What you have to do: For each entry below, copy the text exactly and leave out any picture.

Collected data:
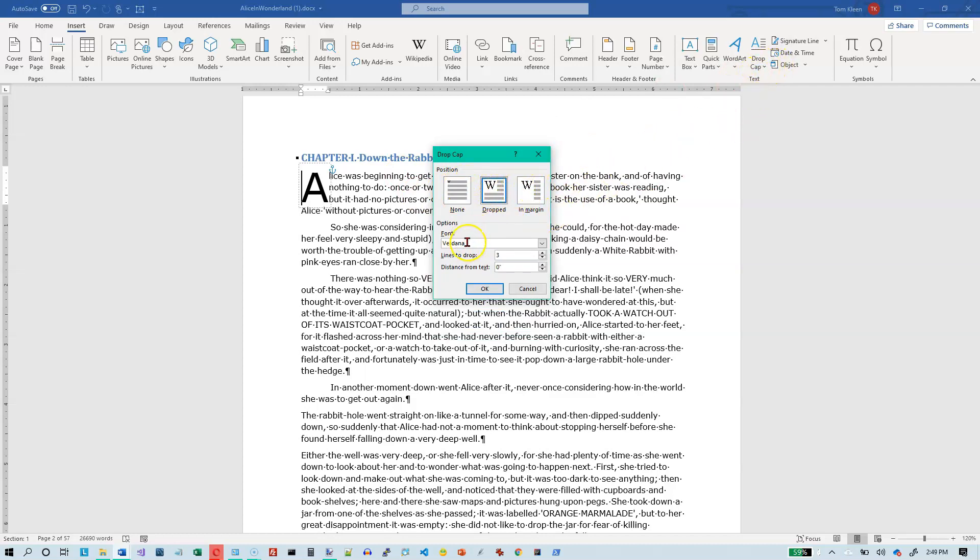You can change the font, but you can also do that just by dragging the mouse over it, going to the home tab and modifying the font. You can control how many lines to drop and you can tell how far you want it to be away from the text. So these are options that you can change if you want to. But like I said, most of the time you're probably going to be happy with the default.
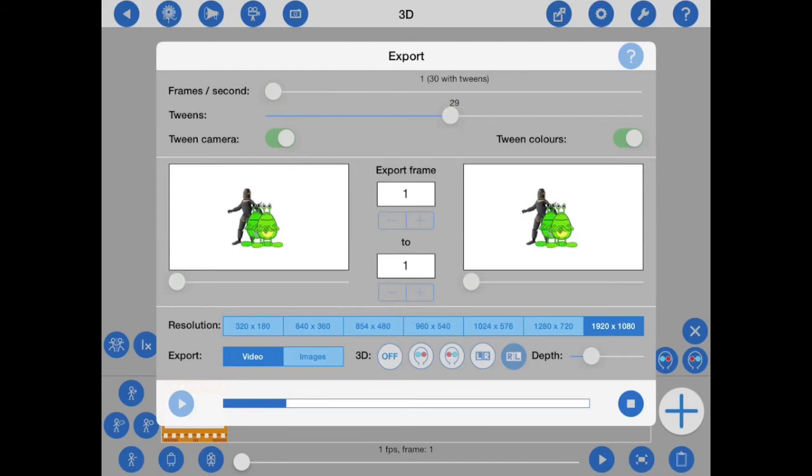The other thing that I should mention is that the Z position of figures is fully animatable, so you can use tweening to smoothly move figures forwards and backwards.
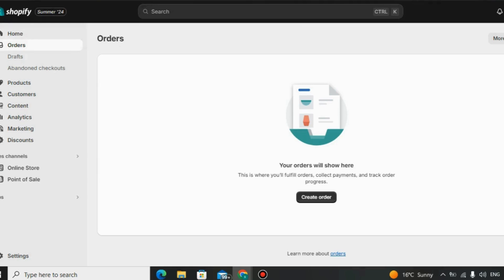Today, we're talking about Shopify Review 2024, the platform that's turning ordinary people into extraordinary entrepreneurs. Is it the real deal or just another hype machine? Let's find out.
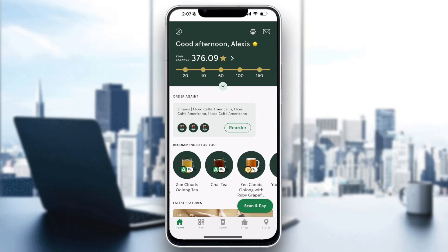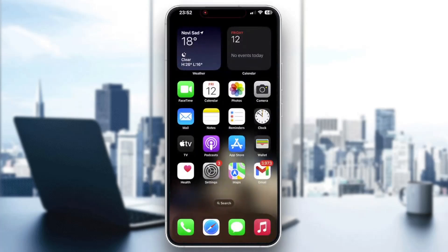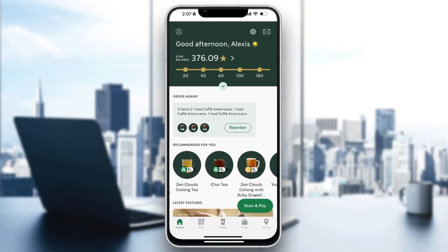The first thing we want to do is open up the official Starbucks application. If you do not already have it downloaded, go ahead and open up the App Store on your mobile phone, search for Starbucks, and find the application. After finding it and installing it, you can open it up. The first thing we need to do is log into the account that we want to check the card balance on.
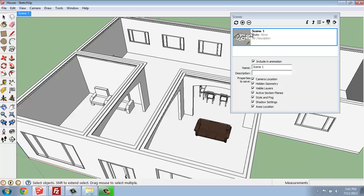So once you've done that, you'll see a few things have happened. First, Scene 1 has populated this menu right here. And then we have a new Scene 1 tab up at the top. So now we're able to fill this up with different scenes if we'd like.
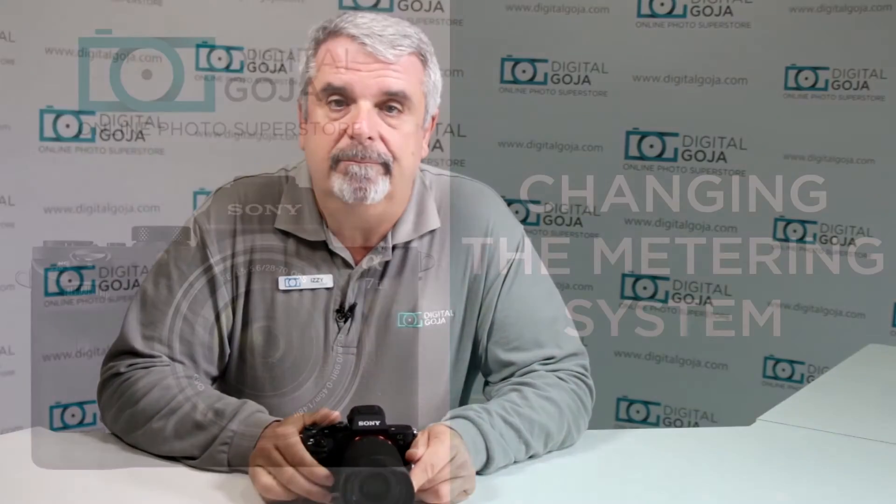Without further ado, let's take a look at the Sony mirrorless full-frame A7II series camera.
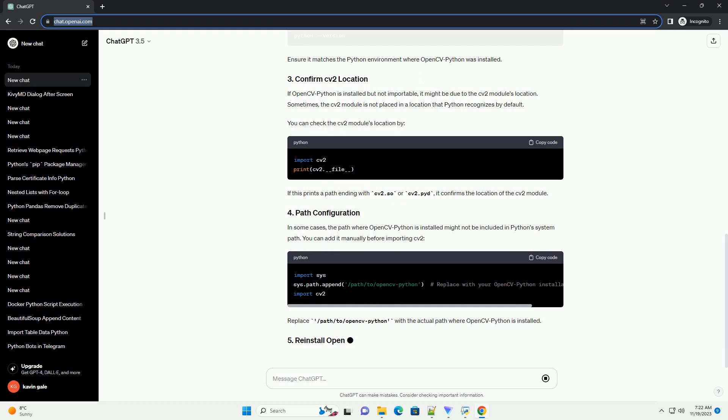In some cases, the path where OpenCVPython is installed might not be included in Python's system path. You can add it manually before importing CV2. Replace /path/to/opencvpython with the actual path where OpenCVPython is installed.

Output for this task:
You can change the font, but you can also do that just by dragging the mouse over it, going to the home tab and modifying the font. You can control how many lines to drop and you can tell how far you want it to be away from the text. So these are options that you can change if you want to. But like I said, most of the time you're probably going to be happy with the default.
The other thing that I should mention is that the Z position of figures is fully animatable, so you can use tweening to smoothly move figures forwards and backwards.
Today, we're talking about Shopify Review 2024, the platform that's turning ordinary people into extraordinary entrepreneurs. Is it the real deal or just another hype machine? Let's find out.
The first thing we want to do is open up the official Starbucks application. If you do not already have it downloaded, go ahead and open up the App Store on your mobile phone, search for Starbucks, and find the application. After finding it and installing it, you can open it up. The first thing we need to do is log into the account that we want to check the card balance on.
So once you've done that, you'll see a few things have happened. First, Scene 1 has populated this menu right here. And then we have a new Scene 1 tab up at the top. So now we're able to fill this up with different scenes if we'd like.
Without further ado, let's take a look at the Sony mirrorless full-frame A7II series camera.
In some cases, the path where OpenCVPython is installed might not be included in Python's system path. You can add it manually before importing CV2. Replace /path/to/opencvpython with the actual path where OpenCVPython is installed.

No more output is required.